▶ [Short web captions]
◆ ◆ ◆ ◆ ◆

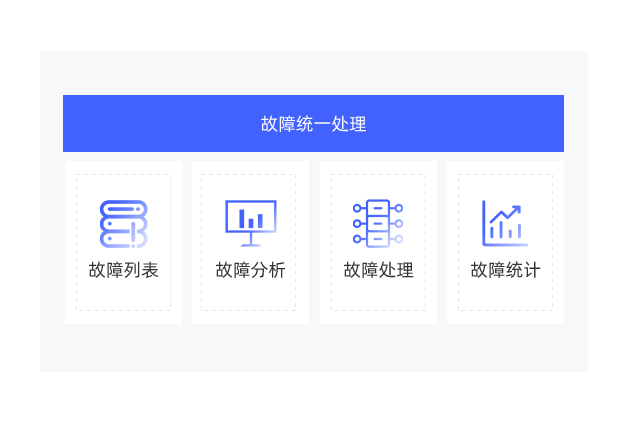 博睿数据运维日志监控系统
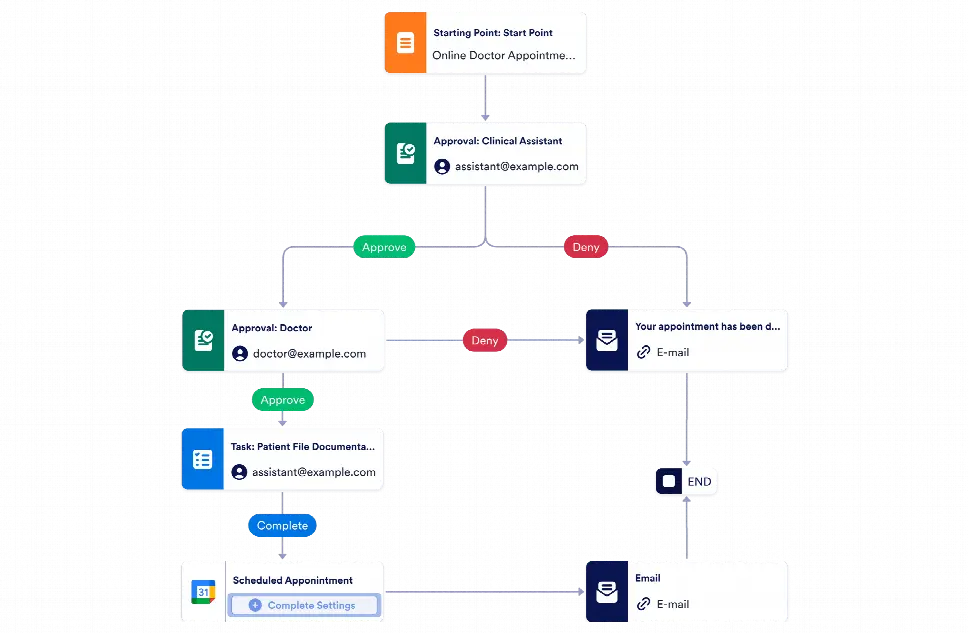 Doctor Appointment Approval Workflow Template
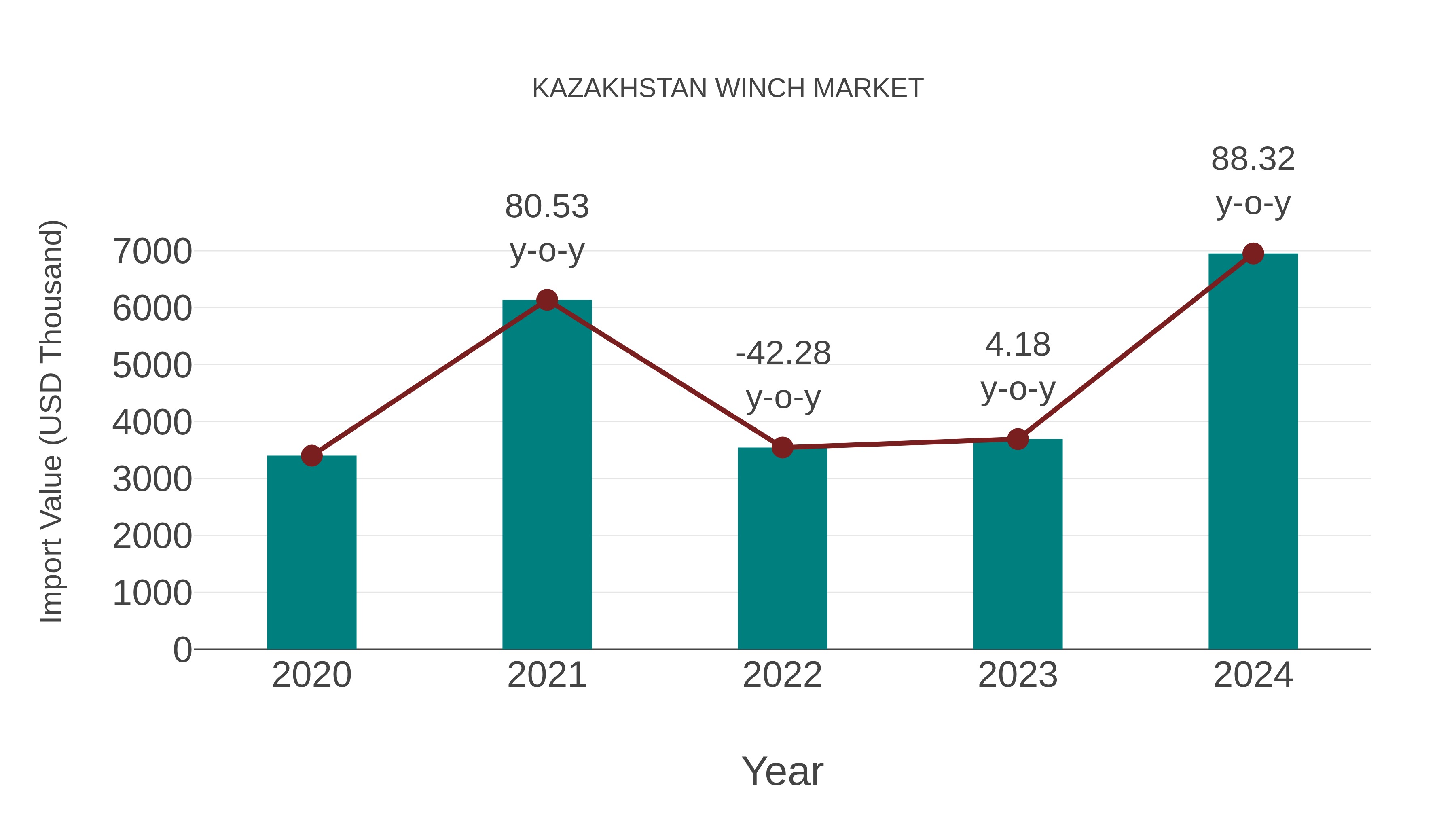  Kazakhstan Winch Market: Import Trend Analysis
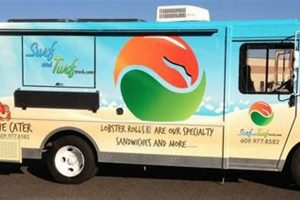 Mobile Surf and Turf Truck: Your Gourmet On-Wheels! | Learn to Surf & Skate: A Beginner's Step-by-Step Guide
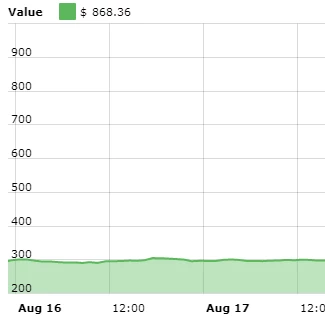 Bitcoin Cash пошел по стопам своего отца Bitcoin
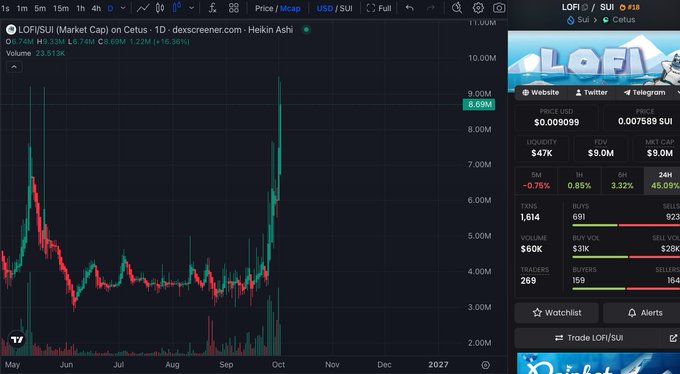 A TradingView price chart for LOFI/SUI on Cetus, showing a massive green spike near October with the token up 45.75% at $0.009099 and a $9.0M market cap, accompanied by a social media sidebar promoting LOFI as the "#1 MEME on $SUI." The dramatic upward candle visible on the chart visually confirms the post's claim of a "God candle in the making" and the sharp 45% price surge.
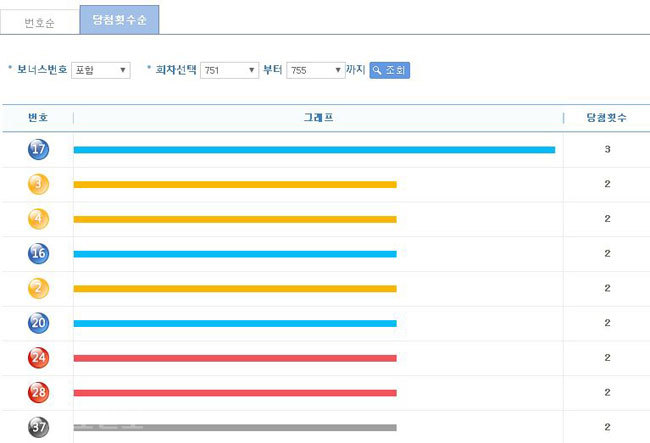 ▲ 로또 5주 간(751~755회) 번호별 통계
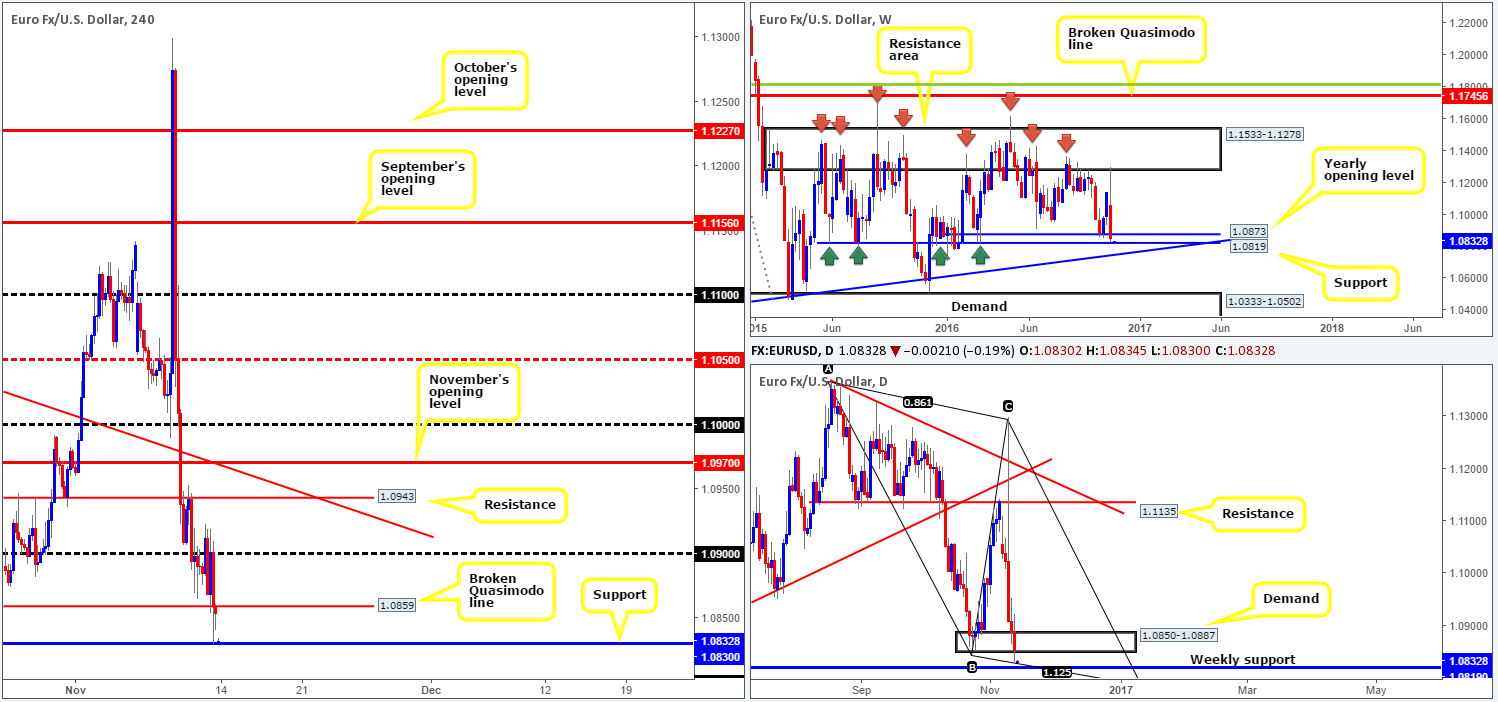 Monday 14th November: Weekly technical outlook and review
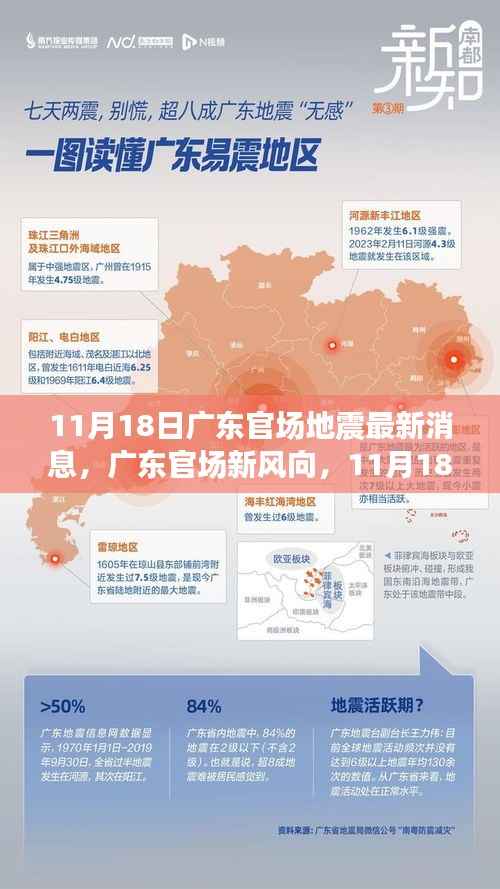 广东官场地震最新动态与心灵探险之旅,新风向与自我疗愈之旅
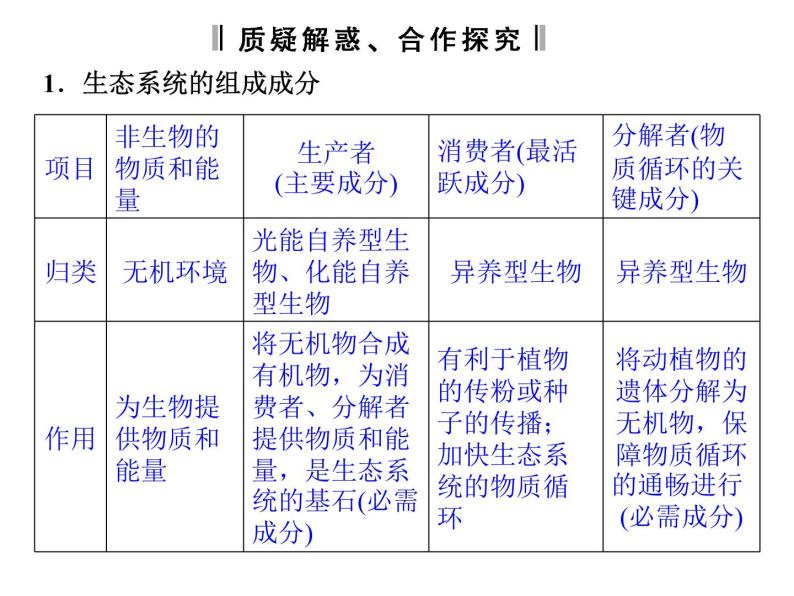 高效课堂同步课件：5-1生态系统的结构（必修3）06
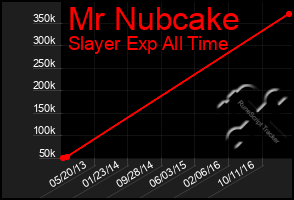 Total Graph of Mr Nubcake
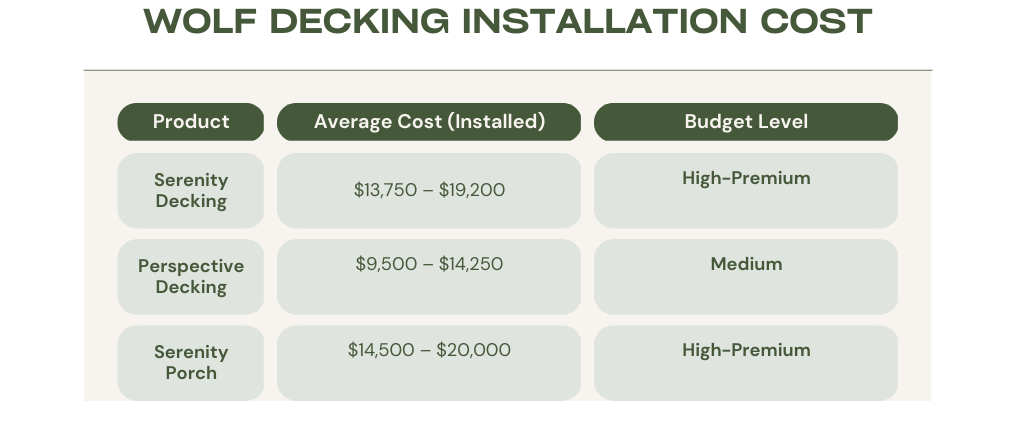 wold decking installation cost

◆ ◆ ◆ ◆ ◆

Your answer should reproduce every line of the data verbatim and include no images.

▶ [Answer section]
 博睿数据运维日志监控系统
 Doctor Appointment Approval Workflow Template
  Kazakhstan Winch Market: Import Trend Analysis
 Mobile Surf and Turf Truck: Your Gourmet On-Wheels! | Learn to Surf & Skate: A Beginner's Step-by-Step Guide
 Bitcoin Cash пошел по стопам своего отца Bitcoin
 A TradingView price chart for LOFI/SUI on Cetus, showing a massive green spike near October with the token up 45.75% at $0.009099 and a $9.0M market cap, accompanied by a social media sidebar promoting LOFI as the "#1 MEME on $SUI." The dramatic upward candle visible on the chart visually confirms the post's claim of a "God candle in the making" and the sharp 45% price surge.
 ▲ 로또 5주 간(751~755회) 번호별 통계
 Monday 14th November: Weekly technical outlook and review
 广东官场地震最新动态与心灵探险之旅,新风向与自我疗愈之旅
 高效课堂同步课件：5-1生态系统的结构（必修3）06
 Total Graph of Mr Nubcake
 wold decking installation cost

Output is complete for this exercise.